Third, the Spirit of God is shown as being present both in creation (Gen. 1:2) and in all God’s dealings with men (2 Peter 1:21) and with Jesus himself (John 3:34). We also see that the Holy Spirit speaks (Acts 13:2), gives gifts ( 1 Cor. 12:8), has a will (1 Cor. 12:11), has a mind (Romans 8:27), leads men (Rom. 8:14), sends them forth (Acts 13:4). All these are things we would ordinarily expect to be done by a person.
Here you have the traditional arguments, and I believe them to be valid, so far. But as I read the Scripture, I cannot stop there.
There is nothing magical about the number three. Rev. 3:1 refers to seven Spirits of God. The mistake involved in the theological dogma of the Trinity is that it categorizes and crystallizes for human comprehension something that to those early believers was altogether dynamic, active and powerful. They were much too busy learning to participate in what God was doing to reduce him to numbers. That didn’t really happen for another couple of hundred years (Nicene Creed, 325 A.D.). So it behooves us to see what the Word does teach.
Backing up a bit, let me say that there is nothing intrinsically wrong with referring to Father, Son and Holy Spirit. Such a formula is given in Matthew 28:19 with reference to baptism, and in the form of a benediction it appears again in 2 Corinthians 13:14. The mistake, again, lies only in limiting God to these, when the Word clearly teaches that we ourselves have the promise of being “partakers of the divine nature” (2 Peter 1:4), and that this very thing is the purpose of the work of Christ, and of the present ministry of the Holy Spirit. The same God who, in Isaiah, declares My glory will I not give to another, has called us unto eternal glory by Christ Jesus. This is the thing for which Jesus prayed, That they may all be one; as thou, Father, art in me and I in thee, that they also may be one in us: that the world may believe that thou hast sent me. And the glory which thou gavest me I have given them. What glory? The glory which I had with thee before the world was. John 17: 21, 22, 25. Is this blasphemy? No indeed: or if it is, the New Testament is full of blasphemy. Everything that belongs to Christ belongs to us. We are heirs of God, and joint-heirs with Christ. He is the firstborn among many brethren. To him that overcometh will I give to sit with me in my throne, even as I also overcame, and am set down with my Father in his throne —Revelation 3:21. The epistle to the Hebrews is a powerful effort to show, first, the divine nature of Christ (unto the Son he saith, Thy throne, O God, is forever and ever) and next, how completely he, for our sakes, became a partaker of human nature (flesh and blood). For both he that sanctifieth and they who are sanctified are all of one: for which cause he is not ashamed to call them brethren.— Hebrews 2:11. This is all so that we might become partakers of the heavenly calling.
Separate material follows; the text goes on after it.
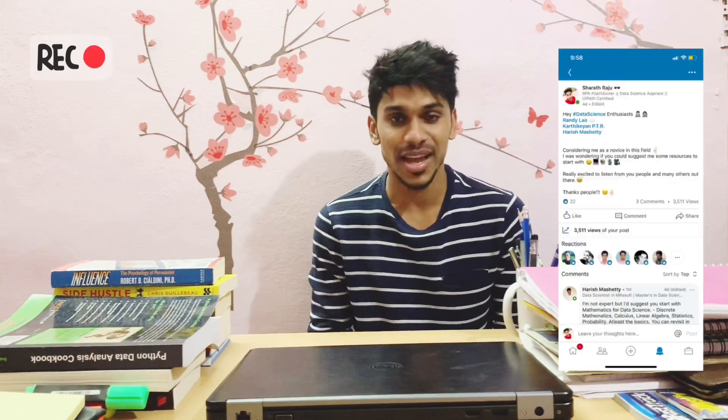Hey everyone. Since the last time I posted my YouTube video, I was excited to start the journey, and with that I reached out to a few contacts on my LinkedIn. I posted saying something like 'consider me as a newcomer and tell me where I can start from.'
I could go on like this all night, citing scripture after scripture, but I think you get my drift. So then, I do not dispute the creed-makers who claimed that Jesus Christ, though fully divine, became fully human without relinquishing his divinity (this being a hard notion, as they no doubt admitted, to comprehend); but I will submit that they missed out on the other side of the coin, namely, that because of him we, being fully human, are called to become (through the infilling of the Holy Spirit) fully divine, yet without relinquishing our humanity. This was is indeed the mystery, Christ in you, the hope of glory. St. Basil was perhapstoo dramatic when he said that man has been commanded to become God, but, rightly understood, he was not perhaps off the mark. Not as though (I should add) I had already attained, either were already perfect; but I follow after, if that I may apprehend that for which also I am apprehended of Christ Jesus. Brethren, I count not myself to have apprehended: but this one thing I do, forgetting those things which are behind, and reaching forth unto those things which are before, I press toward the mark for the prize of the high calling of God in Christ Jesus.
A high calling, indeed!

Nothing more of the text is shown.